Skip to content

Pipeline

The Pipeline class in the shekar library enables you to chain together multiple preprocessing steps into a single, reusable transformation flow. It is particularly useful when you want to apply several text normalization, cleaning, or masking operations in sequence.
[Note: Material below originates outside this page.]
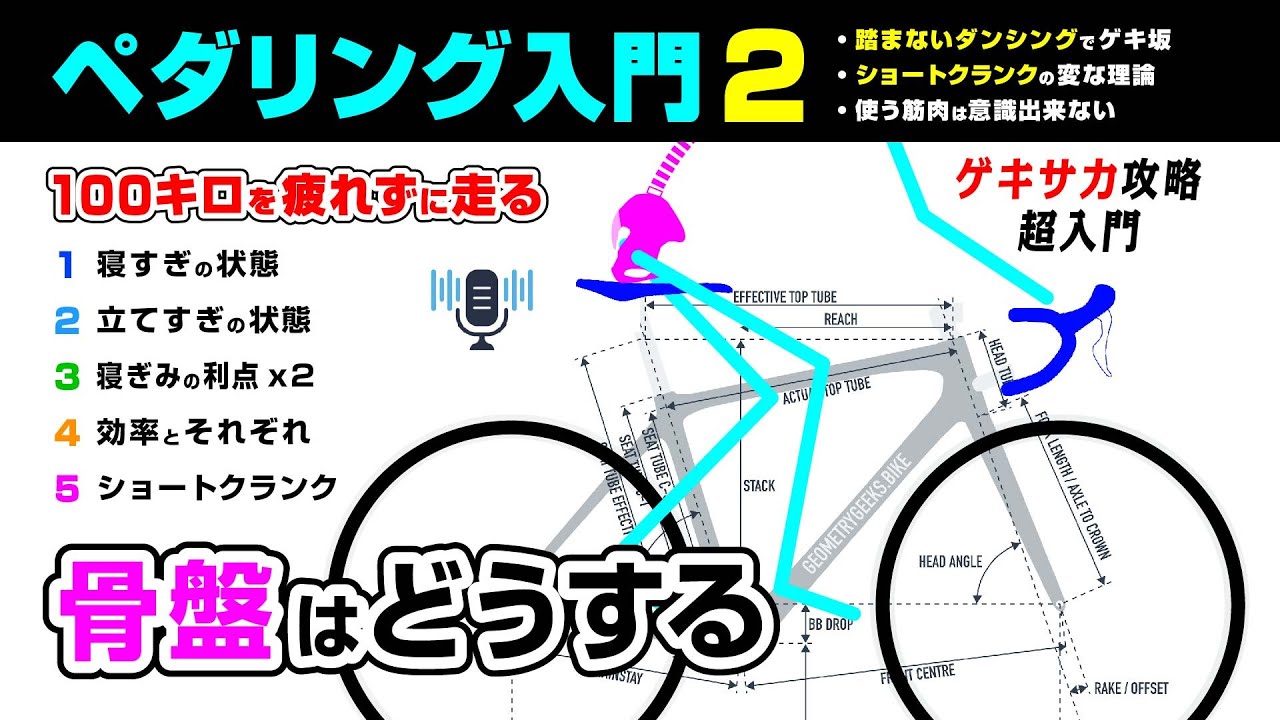 動画「🔰 [脱初心者] ペダリング入門２、骨盤を立てるか寝せるか問題、疲れずに100キロ以上を走ろう」のサムネイル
The Pipeline is fully compatible with all preprocessors in shekar.preprocessing.

Key Features

  • Chain multiple transformations.
  • Supports both single string and list input.
  • Callable as a function.
  • Supports decorator-based application on specific function arguments.
  • Works seamlessly with all transformers like EmojiRemover, PunctuationRemover, etc.

Initialization

To create a pipeline, provide a list of named preprocessing steps:

from shekar import Pipeline
from shekar.preprocessing import EmojiRemover, PunctuationRemover

steps = [
    ("removeEmoji", EmojiRemover()),
    ("removePunct", PunctuationRemover()),
]

pipeline = Pipeline(steps)

Basic Usage

Apply the pipeline to a string:

text = "پرنده‌های 🐔 قفسی، عادت دارن به بی‌کسی!"
result = pipeline.fit_transform(text)
print(result)  # Output: "پرنده‌های  قفسی عادت دارن به بی‌کسی"

Batch Processing

You can pass a list of strings:

texts = [
    "یادته گل رز قرمز 🌹 به تو دادم؟",
    "بگو یهویی از کجا پیدات شد؟"
]
results = pipeline.fit_transform(texts)
print(results)
# Output: ["یادته گل رز قرمز  به تو دادم", "بگو یهویی از کجا پیدات شد"]

Callable Interface

The Pipeline object is callable and equivalent to fit_transform():

output = pipeline("تو را من چشم👀 در راهم!")
print(output)  # Output: "تو را من چشم در راهم"

Using with Decorators

Apply the pipeline automatically to specific function arguments:

@pipeline.on_args("text")
def process_text(text):
    return text

print(process_text("عمری دگر بباید بعد از وفات ما را!🌞"))
# Output: "عمری دگر بباید بعد از وفات ما را"

Multiple arguments:

@pipeline.on_args(["text", "description"])
def clean_inputs(text, description):
    return text, description

print(clean_inputs("ناز داره چو وای!", "مهرهٔ مار داره تو دلبری❤️"))
# Output: ("ناز داره چو وای", "مهرهٔ مار داره تو دلبری")

Error Handling

The pipeline raises informative errors for invalid usage:

  • ValueError: Raised if input is neither a string nor a list of strings.
  • TypeError: Raised if on_args is called with invalid types.
  • ValueError: Raised if the specified function argument does not exist.

Notes

  • Each preprocessor must implement __call__ and fit_transform.
  • Pipelines are compatible with Normalizer, which itself is a subclass of Pipeline.
  • Ideal for building modular, testable, and reusable text processing flows.

The Pipeline class provides a clean and extensible architecture for combining multiple preprocessing steps, making it a powerful component for building robust NLP workflows.